* _Work item_: In your copy of the data, omit the pictures and keep all else exactly as given.

* _Recorded information_:
::::

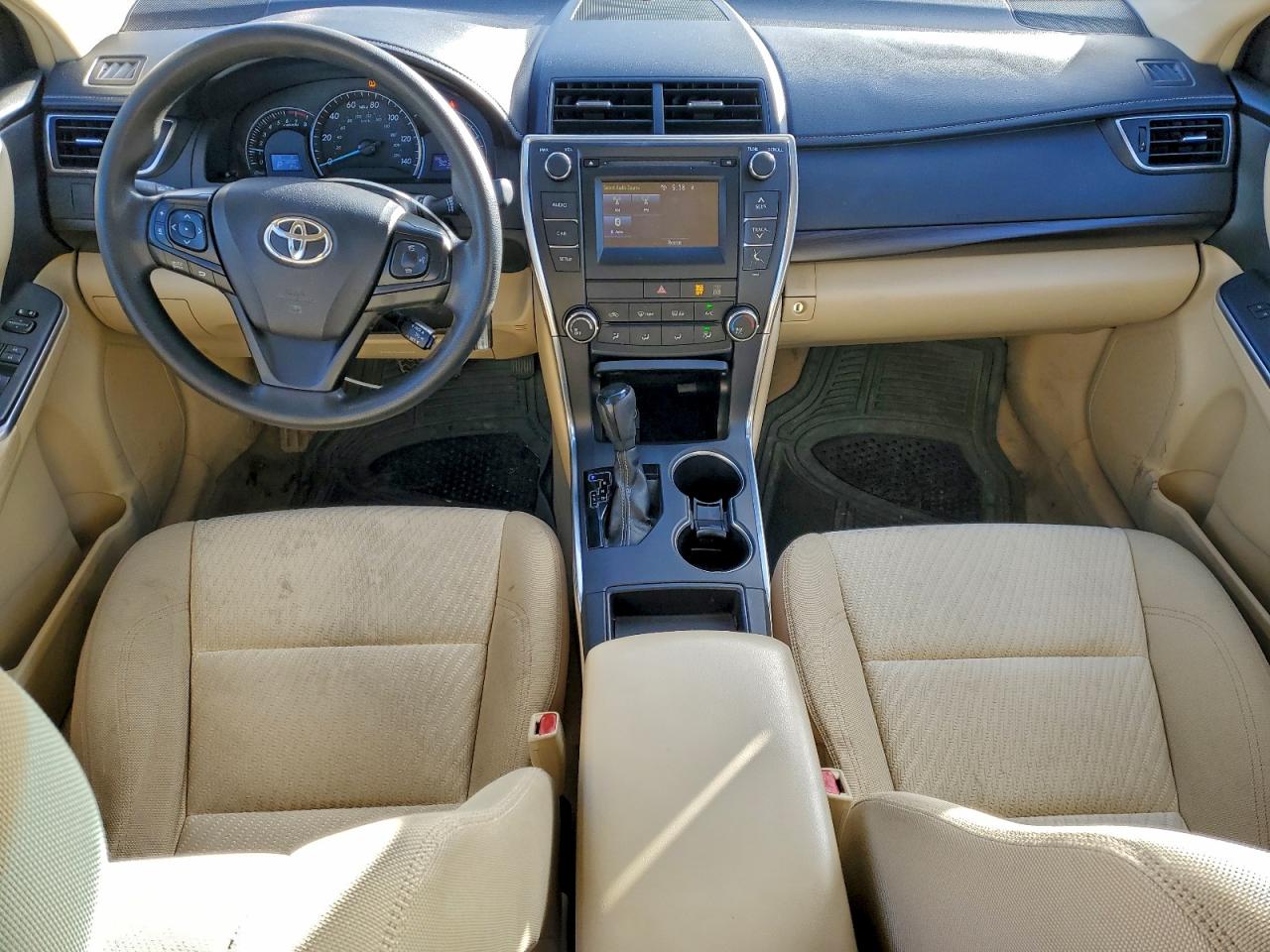 2015 TOYOTA CAMRY LE photo 15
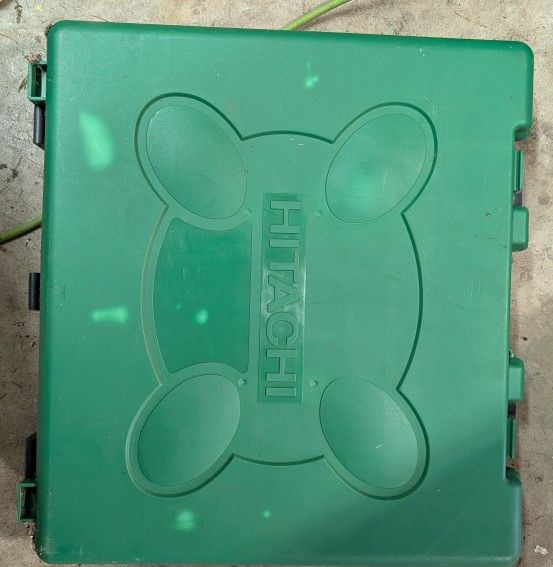 Free Hitachi Carrying Case 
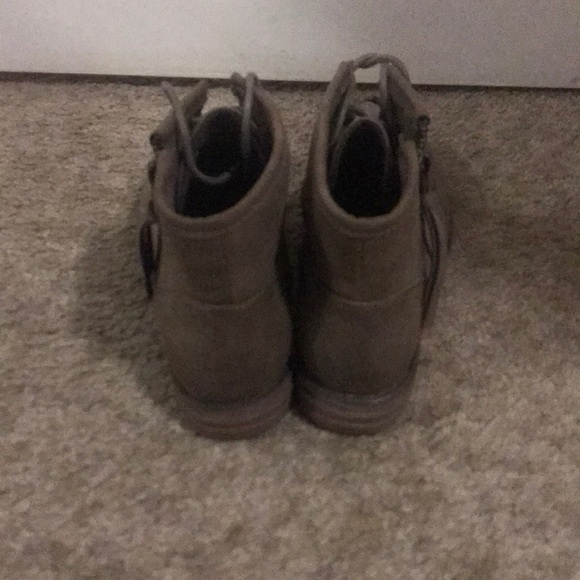 Cathy Jean booties - Picture 3 of 3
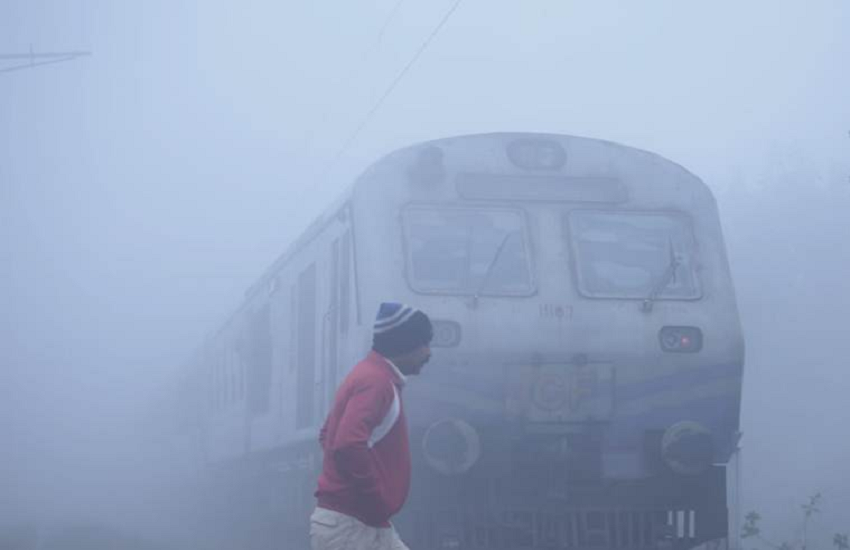 VIDEO: दिल्ली समेत उत्तर भारत में ठंड का सितम जारी, 29 ट्रेनें लेट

::::

* _Solution for this problem_:
 2015 TOYOTA CAMRY LE photo 15
 Free Hitachi Carrying Case 
 Cathy Jean booties - Picture 3 of 3
 VIDEO: दिल्ली समेत उत्तर भारत में ठंड का सितम जारी, 29 ट्रेनें लेट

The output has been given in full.